EG: Shame could be a really powerful tool. Unfortunately, we seem uncomfortable talking about morality. Right now, it’s all the people on the margins. For example, grad students can say what they actually think. Also, people underestimate the choices they have. Many people who are working for Uber could have chosen to work for other companies. It’s important to get a normative discourse going, such as “I’m not taking this job because this company’s management is unethical.” In general, we need more conversations about morality and the moral implications of new products and services.
bB: Do you think it’s a bottom-up movement where people who are at these jobs or using these services have the power to make a difference?
EG: I think it’s both. It’s important that customers stop using these businesses and that employees try to start these conversations.

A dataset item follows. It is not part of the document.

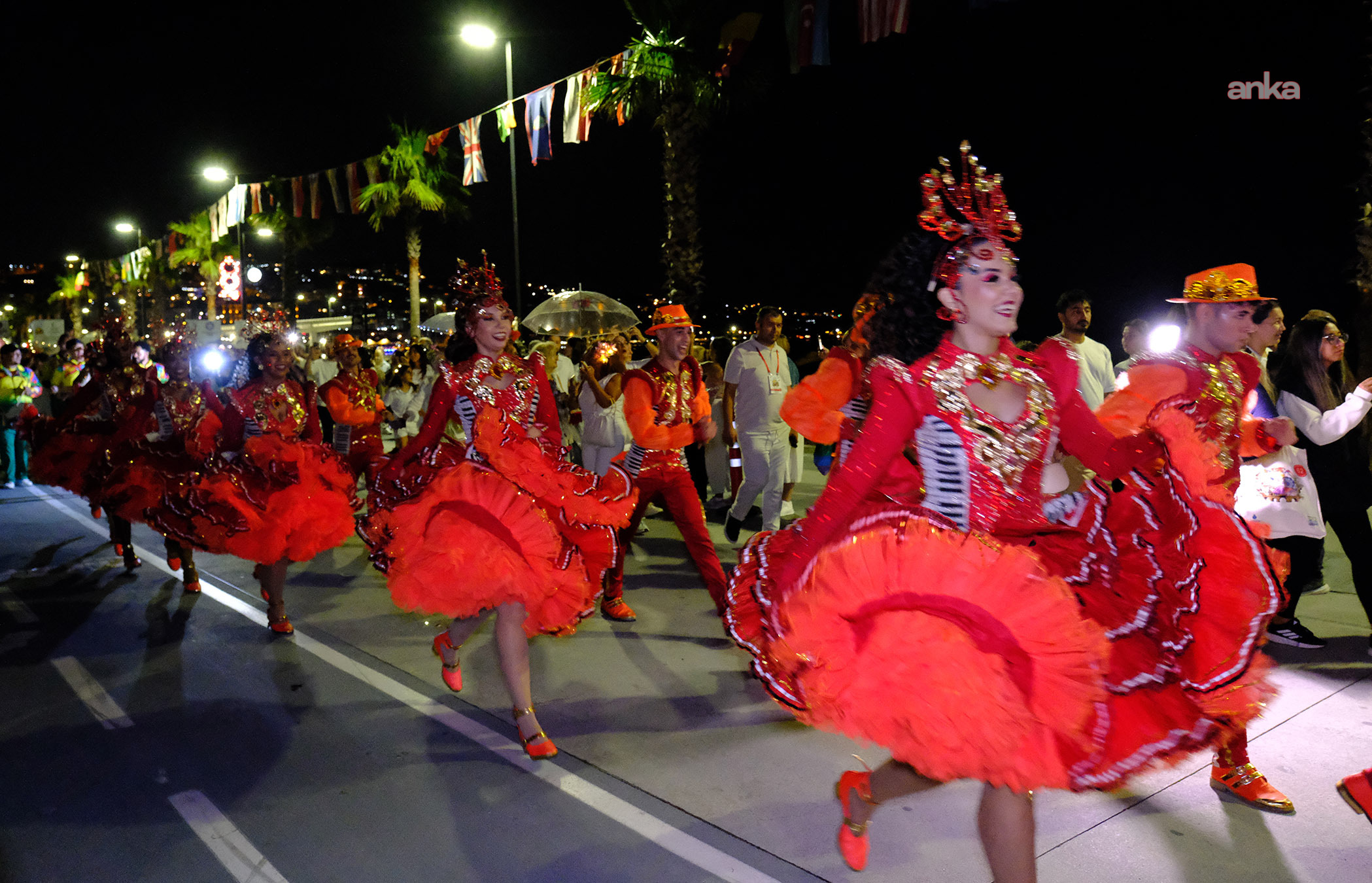 27. Büyükçekmece Kültür ve Sanat Festivali kortejinde karnaval coşkusu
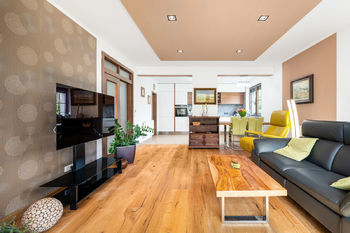 obývací pokoj - Prodej domu 183 m², Křemže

But it would also be nice to see more venture capitalists or others at the top of the industry with a lot of discretion saying they won’t work with unethical companies.
I think the problem for the top-down approach is that VCs, journalists and others are very embedded in Silicon Valley networks. They all have wide networks of friends and colleagues and worry about offending people. But the only way to have a meaningful conversation about morality is for people to get a little offended.
bB: You reference the New York Times article, “The Slippery Slope of Silicon Valley,” which discusses the culture of “amorality, thoughtlessness and ignorance rather than ill intent.” Do you think this is an inevitable trend in general?
EG: No, I think there is a countermovement happening. The issue is, how do you accelerate the countermovement and get people to see the contours of the problems? The thing about amorality is that it involves not thinking rather than consciously deciding to make money no matter who gets hurt. I think a lot of people in tech startups have ideas along the lines of, “What’s an unexploited way to make money?” If it works, it’s good enough. I think the reason they don’t reflect is because they generally assume that technology is good.
bB: On another note, there’s this term for the dating scene called the hookup culture, which seems to have a lot of the same moral dilemmas as those in tech startup culture. Everyone looks out for themselves, as people increasingly start to hookup rather than date. Now Tinder as a business model is encouraging this trend.
EG: I’ve noticed that as well. But I think there is some backlash, and even with Tinder, some people now use it as a dating app. Maybe it’s inevitable that people build such tools. Yet, how people use these tools matters. Most people are probably not going to be content to hook up with strangers for their whole lives. Maybe two young people who do meet on Tinder start out treating each other purely as means rather than ends, but most people can’t hold that attitude toward someone for weeks or months. In that sense, I don’t think services like Tinder will change people.